- The Pennsylvania Turnpike Commission, according to the Pittsburgh Post-Gazette, has had to overcome a challenging learning curve while building the 13-mile, $800 million Southern Beltway toll road, one of the largest such projects the agency has seen in decades.
- The commission has faced two primary obstacles thus far: flooding associated with excavation work and the mitigation of abandoned oil and gas wells along the project's route. Joseph B. Fay Co., the beltway's general contractor, has racked up approximately $1.3 million of change orders to stabilize soil ($550,000) and deal with a dozen more wells ($778,675) than originally estimated. With the addition of a retention pond and other flood control measures, the effects of water runoff have been minimized. In addition, Fay engaged a specialty subcontractor, York Drilling, to perform well mitigation, and the commission has hired a company that will use metal-detecting drones to scout for additional wells along the project path.
- Despite the extra costs associated with additional work, changes are in line with other commission projects valued at $500 million or more a year — about 3%. Brad Heigel, the commission's chief engineer, told the Post-Gazette that changes for the overall industry come in at 7%.
Construction crews often don't know enough about the ground of a project site and what's underneath it until they actually start work. Contractors still have to take reasonable care when assessing a site prior to a bid, but if conditions are significantly different than what is presented in the owner's bid documents, a construction company is likely entitled to a change order that reflects those differences.
Still, the contract dictates which situations are reimbursable through change orders, and it's up to the contractor to protect its interests and make sure such a provision is included or is part of a proposal that is incorporated by reference into the contract.
The most recent American Institute of Architects Document A201, "General Conditions of the Contract for Construction," lays out that by signing the contract, contractors are affirming that they have visited the construction site in question, familiarized themselves with local conditions and reconciled their observations with the contract documents.

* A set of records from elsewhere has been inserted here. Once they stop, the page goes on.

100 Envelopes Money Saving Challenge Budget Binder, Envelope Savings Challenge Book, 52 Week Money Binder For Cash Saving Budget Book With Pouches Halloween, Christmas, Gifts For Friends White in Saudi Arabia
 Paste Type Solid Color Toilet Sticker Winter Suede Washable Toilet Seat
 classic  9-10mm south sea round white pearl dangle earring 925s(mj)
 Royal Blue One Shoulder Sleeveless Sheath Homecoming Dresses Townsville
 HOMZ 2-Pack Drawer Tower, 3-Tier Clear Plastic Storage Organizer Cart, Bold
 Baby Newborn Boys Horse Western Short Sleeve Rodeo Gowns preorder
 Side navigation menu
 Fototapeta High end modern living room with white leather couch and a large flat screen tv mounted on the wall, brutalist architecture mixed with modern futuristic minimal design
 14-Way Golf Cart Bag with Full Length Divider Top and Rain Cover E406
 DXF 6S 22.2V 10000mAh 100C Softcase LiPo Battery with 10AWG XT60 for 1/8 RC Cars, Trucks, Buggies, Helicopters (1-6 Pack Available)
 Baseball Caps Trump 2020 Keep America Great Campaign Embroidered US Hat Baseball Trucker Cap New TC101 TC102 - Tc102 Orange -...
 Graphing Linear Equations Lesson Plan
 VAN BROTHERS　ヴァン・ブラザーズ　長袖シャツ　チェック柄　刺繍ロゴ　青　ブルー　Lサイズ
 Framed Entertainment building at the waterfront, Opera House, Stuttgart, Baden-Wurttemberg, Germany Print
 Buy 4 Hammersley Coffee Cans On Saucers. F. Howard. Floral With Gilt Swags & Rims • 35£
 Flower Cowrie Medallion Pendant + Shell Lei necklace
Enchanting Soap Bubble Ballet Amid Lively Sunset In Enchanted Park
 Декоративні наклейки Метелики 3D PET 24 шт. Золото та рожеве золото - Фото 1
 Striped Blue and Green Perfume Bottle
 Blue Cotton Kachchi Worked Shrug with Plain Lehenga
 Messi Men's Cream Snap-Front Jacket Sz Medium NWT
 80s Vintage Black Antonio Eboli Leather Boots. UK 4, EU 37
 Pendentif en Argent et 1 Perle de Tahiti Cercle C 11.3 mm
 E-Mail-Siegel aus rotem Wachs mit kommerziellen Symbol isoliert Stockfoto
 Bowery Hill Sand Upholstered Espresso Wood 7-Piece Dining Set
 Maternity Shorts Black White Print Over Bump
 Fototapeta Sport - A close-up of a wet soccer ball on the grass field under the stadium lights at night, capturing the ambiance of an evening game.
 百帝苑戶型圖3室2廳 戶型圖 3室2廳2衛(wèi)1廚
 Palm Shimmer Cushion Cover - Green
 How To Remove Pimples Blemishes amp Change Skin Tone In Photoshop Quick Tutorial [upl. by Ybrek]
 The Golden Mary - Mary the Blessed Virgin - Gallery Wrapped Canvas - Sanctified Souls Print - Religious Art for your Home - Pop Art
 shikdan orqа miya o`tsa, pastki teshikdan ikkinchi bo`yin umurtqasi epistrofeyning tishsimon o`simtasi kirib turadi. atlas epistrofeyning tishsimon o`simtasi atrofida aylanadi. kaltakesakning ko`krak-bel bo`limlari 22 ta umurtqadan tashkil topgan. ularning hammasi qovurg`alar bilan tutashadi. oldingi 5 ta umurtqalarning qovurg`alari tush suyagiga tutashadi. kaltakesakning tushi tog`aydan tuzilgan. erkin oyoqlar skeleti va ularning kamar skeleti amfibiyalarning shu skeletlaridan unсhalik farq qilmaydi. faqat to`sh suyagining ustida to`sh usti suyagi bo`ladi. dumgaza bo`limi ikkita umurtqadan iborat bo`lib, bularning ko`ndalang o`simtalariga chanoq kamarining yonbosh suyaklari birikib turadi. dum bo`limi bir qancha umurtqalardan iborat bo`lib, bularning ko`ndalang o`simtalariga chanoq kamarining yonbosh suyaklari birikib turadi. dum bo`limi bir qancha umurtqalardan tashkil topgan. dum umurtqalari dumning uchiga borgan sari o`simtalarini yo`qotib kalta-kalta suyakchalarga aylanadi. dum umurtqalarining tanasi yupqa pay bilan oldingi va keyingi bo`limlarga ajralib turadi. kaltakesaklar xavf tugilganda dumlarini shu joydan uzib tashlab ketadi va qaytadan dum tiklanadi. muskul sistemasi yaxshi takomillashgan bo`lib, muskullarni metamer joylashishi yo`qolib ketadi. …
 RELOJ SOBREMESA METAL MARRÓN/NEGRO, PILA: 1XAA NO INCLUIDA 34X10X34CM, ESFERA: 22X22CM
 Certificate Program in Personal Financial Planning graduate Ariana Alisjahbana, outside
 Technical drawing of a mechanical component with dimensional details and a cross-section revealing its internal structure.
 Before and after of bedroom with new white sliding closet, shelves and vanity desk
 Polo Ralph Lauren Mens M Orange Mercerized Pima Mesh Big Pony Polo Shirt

Contractors are also under obligation to report any inconsistencies between what they encounter during an examination of the site and the project documents to the architect. They must also inform the owner and architect immediately of the discovery of any site conditions that are not normally found during the course of a construction project. Contractors must be sure to meet any contractual requirements regarding site conditions in order to make a successful change order request for additional costs.